# my first 1911



## hemmigremmie (Jan 23, 2008)

Hey all
just picked up a almost brand new taurus 1911 .45 with hard case....two mags....holster....85 rounds of ammo....box of clay pigeons and bunch of bleeding zombie targets for 400 bucks!
Shoots like a dream and seems very smooth. Plans are to get a compensator and maybe a set of custom punisher grips and shoot the heck outta it!

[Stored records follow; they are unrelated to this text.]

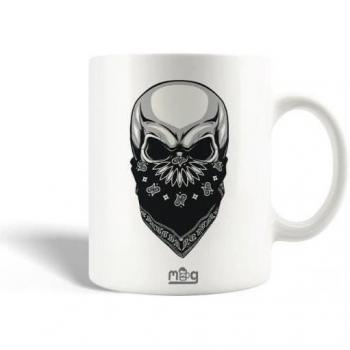 Taza Cerámica Calavera Máscara Negra 30cl Apta para Lavavajillas MANIACASE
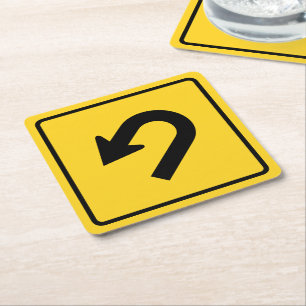 U-Turn Sign Square Paper Coaster
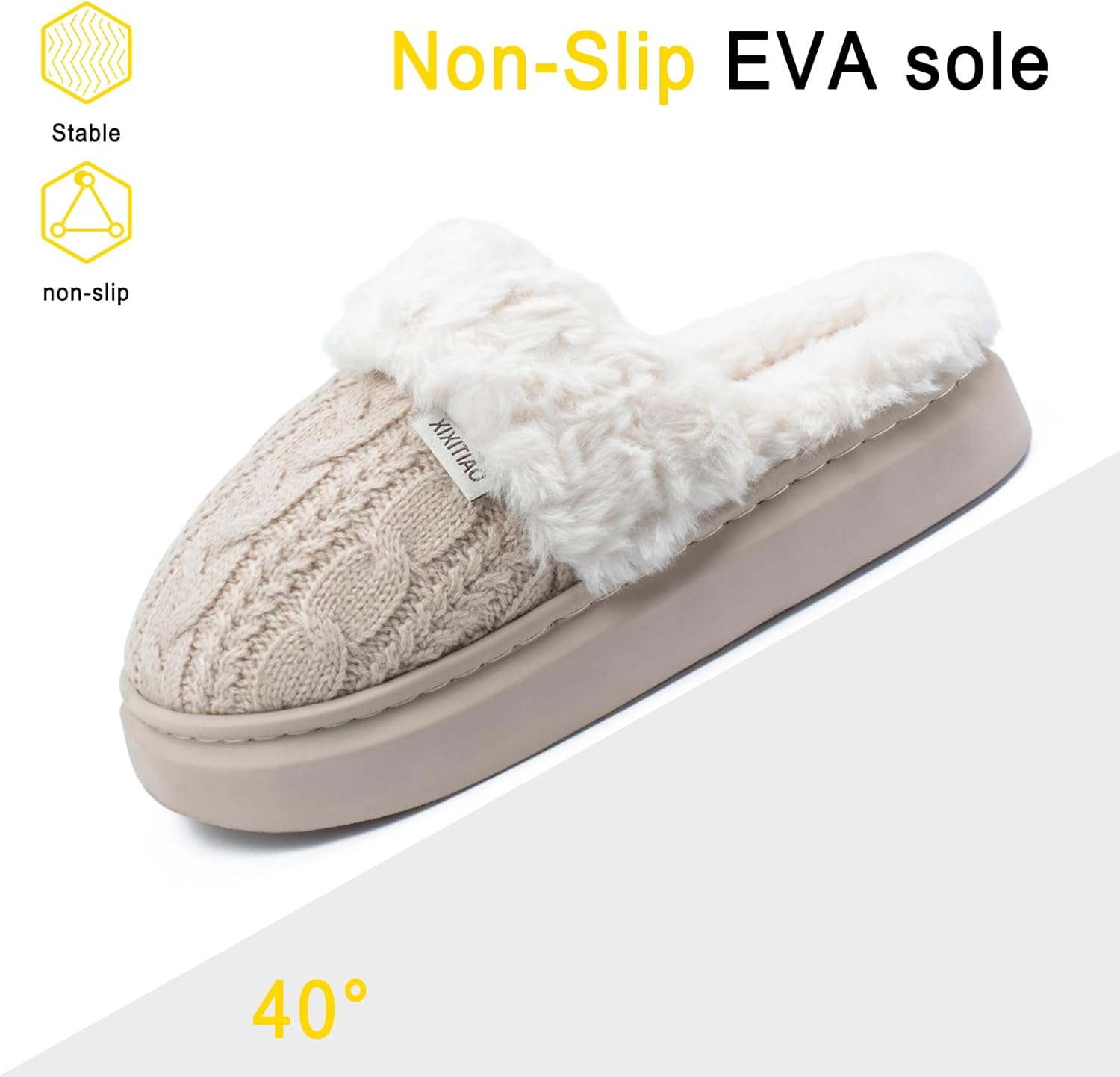 Plush Knit Women's Slippers - Warm Fuzzy Fleece Lining Slippers for Women, Non-Slip Sole Fluffy Memory Foam Slip-On Scuff House Slides Shoes for Indoor & Outdoor, Odor Resistant Bedroom - Image 6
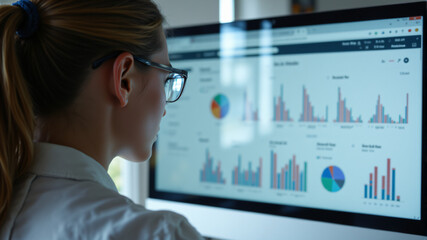 Focused Professional Analyzing Charts on Pastel Desktop Screen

Im happy.:mrgreen: Rr


----------



## rex (Jan 27, 2012)

Sounds like a good deal to me.Have you checked out a comp setup?45 is going to need a very efficient comp since it's a low pressure round,they're out there but I've been away from it too long to suggest anything.Yesterday I hit a few smith sites and to buy the barrel and comp along with fitting is going to run you more than you paid for the gun without a ramped barrel.I don't know Taurus so I don't know of any spec quirks they do or don't have,but any quirks will add money to fitting everything properly.If it's something you really want,bail in there,but investigate if it's worth it because if a well known smith doesn't stamp his name on it you'll never get more than you already paid if you part with it.Most name smiths won't brand the gun since this is such a small job.


----------



## chessail77 (Mar 15, 2011)

Congrats...sounds like a Great deal...JJ


----------



## berettatoter (Sep 1, 2011)

hemmigremmie said:


> Hey all
> just picked up a almost brand new taurus 1911 .45 with hard case....two mags....holster....85 rounds of ammo....box of clay pigeons and bunch of bleeding zombie targets for 400 bucks!
> Shoots like a dream and seems very smooth. Plans are to get a compensator and maybe a set of custom punisher grips and shoot the heck outta it! Im happy.:mrgreen: Rr


Hell of a deal if I say so myself.:smt1099


----------



## General (Jun 19, 2012)

Pre owned Guncrafter Industries Model No. 2 50 GI
Just arrived at my dealer. 
I do not like those grips. Going stock grips as soon as possible. 
Also ordering .45 acp conversion barrel.

http://pics.gunbroker.com/GB/290718000/290718884/pix772991623.jpg


----------



## 45 (May 16, 2012)

Brownells sells a barrel that sticks out past the slide for a 1911 that is magnum ported that might be cheaper than a compasted barrel bushing either way you will probaley nave to get a diffrent barrel bushing because if I'm not mistaken the taurus have a match grade barrel & barrel bushing on there 1911 either that or take it to a gun smith to have the compaster fit the barrel or the barrel bushing that comes with the gun fit the magnum ported barrel unless it comes with a barrel bushing I'm not sure you have to go to brownells sight to check it out you might also want to look at why I don't like taurus 1911 that is on this formun it worth reading & looking at


----------